The boss confronting these workers is Cook County President and Democratic Party chairperson Toni Preckwinkle, a former public school teacher and “progressive” Alderman,who, as workers have angrily pointed out, stands to enjoy three different pensions from her various public service positions. Preckwinkle was the endorsed candidate of almost all of organized labor, especially within the public sector, both when she ran for County Board President several years ago and in 2019 when she was acclaimed as the progressive, pro-union candidate for Mayor of the City of Chicago. Union leaders, speaking on the picket line, have claimed that her refusal to give these workers a fair contract will end her political career, implying that the union will punish her at the polls at some future date. But this avoids the issue of who would replace her; various other elected officials have visited the picket lines and made militant-sounding speeches, without referencing the fact that most of them endorsed Preckwinkle and campaigned for her. Chicago Socialist Alternative pointed out at the time that this was a serious mistake.

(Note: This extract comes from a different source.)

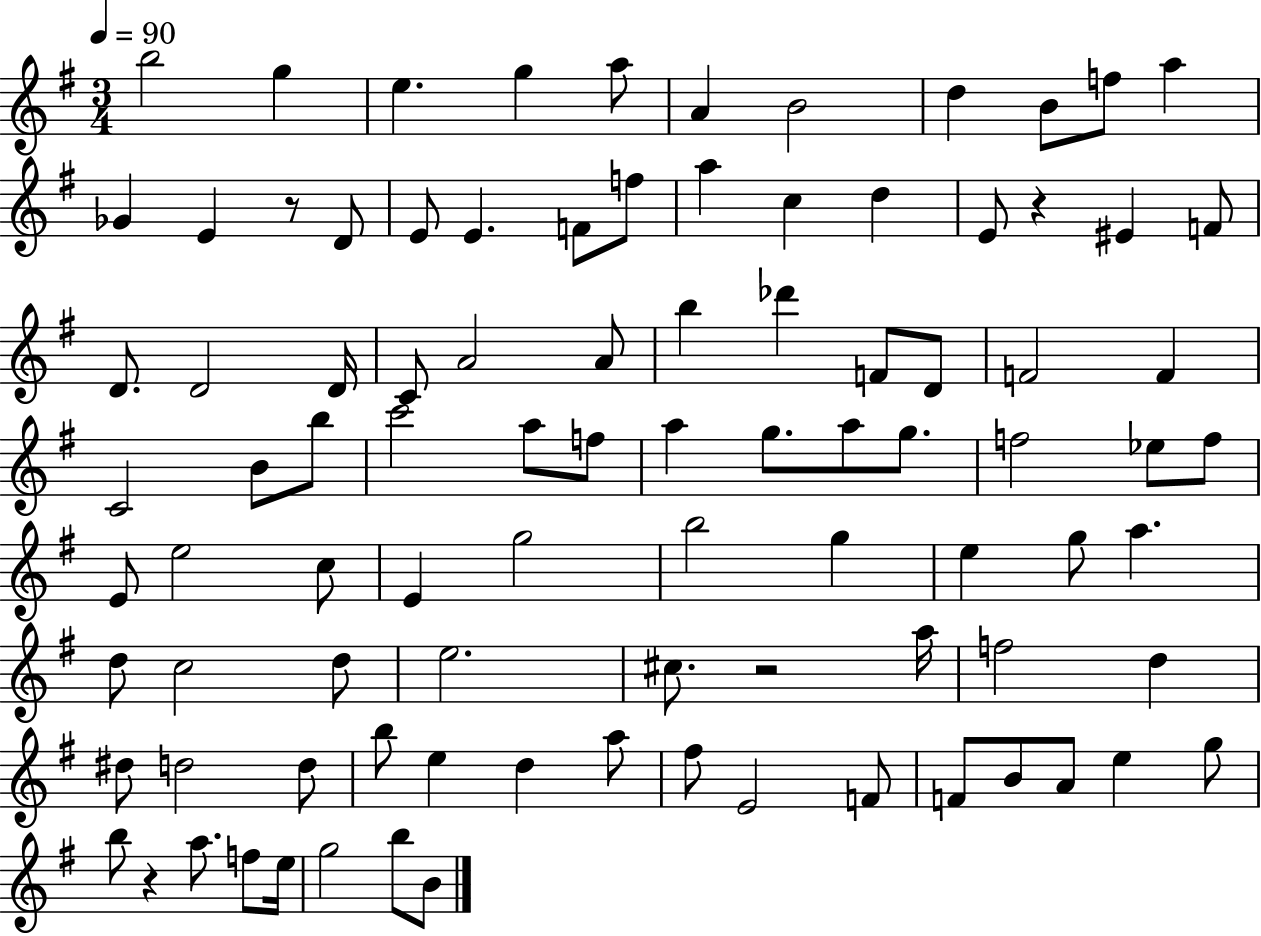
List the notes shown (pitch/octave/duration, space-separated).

During the 2019 Mayoral primary season, the combined donations from SEIU locals and PACs accounted for an astonishing 2.4 million dollars, almost one third of “Toni for Chicago”s total campaign donations. But even at the time, SEIU International V-P Tom Balanoff admitted in an interview with the Chicago Tribune that Preckwinkle had a history of playing hardball in contract negotiations, which he shamelessly cited as proof that she would not be beholden to organized labor! 

Lesser Evilism leads to Betrayal: There’s Always Another Preckwinkle

During the strike, the rest of organized labor – including other SEIU locals – was shockingly absent from Local 73’s picket lines. The response of the Local 73 leadership to their isolation was to declare that they would punish Preckwinkle by bringing her down electorally. This shows a real failure to understand the dynamics of the situation. As a corporate politician, Preckwinkle was using the strike to prove to the business community and corporate media that far from being beholden to the unions, she can be relied on to try to break them. This is entirely in keeping with her actual record of imposing taxes on working people while cutting services, closing a major hospital which caused over a thousand layoffs, and going after workers’ pensions. At this moment, Cook County has a budget surplus, further evidence that these attacks on workers are politically driven. Preckwinkle’s refusal to bargain a fair contract, and her use of court orders to take away some 390 hospital workers’ right to strike, is proof positive that the union’s electoral strategy has failed.

While the union’s leadership were pointing in an electoral direction – in effect, postponing the real fight until some future November – the union’s real strength was not being used to its fullest extent.  For example the picket line at the hospital was on a public sidewalk, where passing traffic honked in support, but the pickets did not confront the members of the other unions that have settled, or even their own members, significant numbers of whom, as speeches on the picket line indicated, had begun to lose faith and return to work. Some militant tactics were used, but in a limited way; the union picketed two public highway construction sites within the county and pickets at the hospitals stopped some deliveries by UPS, whose union instructs them to refuse to cross active picket lines. But since picketing was limited to a few hours a day, all UPS had to do was rearrange its schedule to make sure that deliveries were made when the pickets were absent. 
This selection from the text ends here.